Amazon has a subscription service where you read blogs directly as files *on the Kindle itself*. Basically, whenever the feed updates, it sends the update wirelessly to your Kindle, and deletes the old ones off the end. The RSS entries are like a series of articles in a "magazine". It's basically a way to get blogs in a convenient package that downloads automatically; you don't need to go web-surfing.
Calibre has a feature where it can turn RSS feeds from blogs into a "magazine" just like Amazon does. Obviously you need Calibre running on your computer to do this. Now, you can simply download the resulting files from your computer via USB for free. In this way you can read the blogs in a non-realtime manner. For example, before you go to work every day, boot up your computer, run Calibre, download blog entries, USB them to your Kindle, take your Kindle to work, read them at work.
You can also, with Calibre, use a feature to email these blogs wirelessly to your Kindle via Amazon.

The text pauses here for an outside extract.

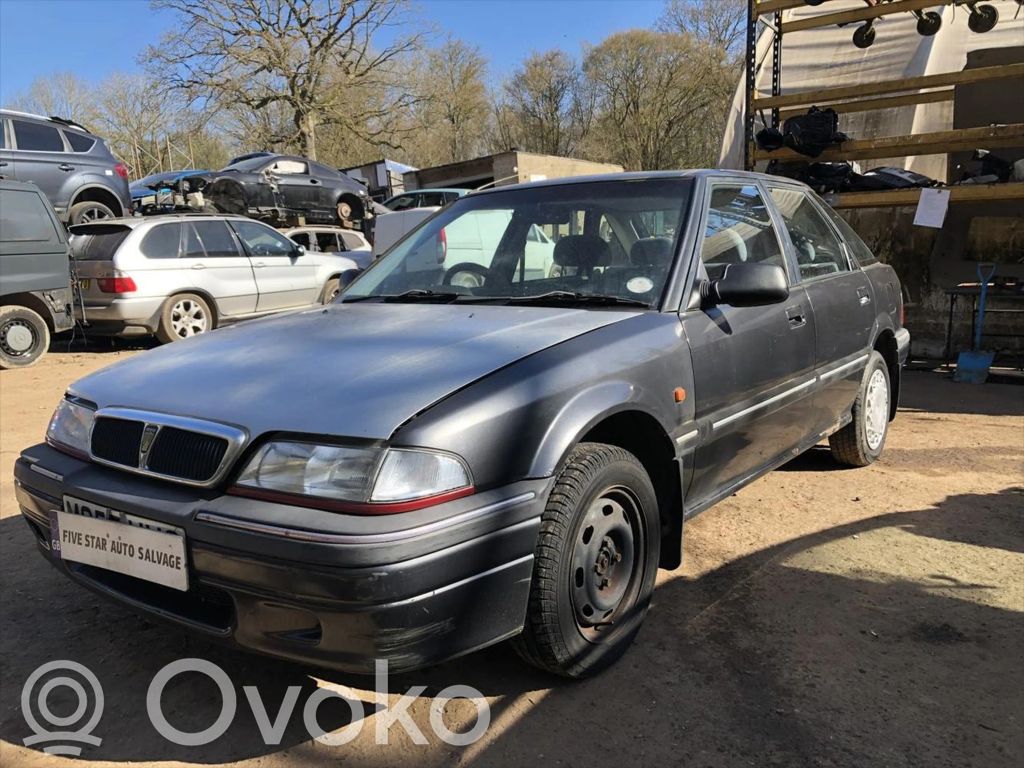 Rover 400  31100PP4E03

Amazon charges for this service as I stated before. This has nothing to do with blog subscription fees and is purely an email fee due to the way Calibre is trying to simulate what Amazon does. When it was free, this made some sense; now, I don't see much advantage in it.
Quote:
Originally Posted by enarchay
I really don't know on this since I don't read blogs or use feedbooks.com. I'm just trying to educate myself and clear up my confusion.
|
I don't read blogs on my Kindle so I really can't explain the fascination in it.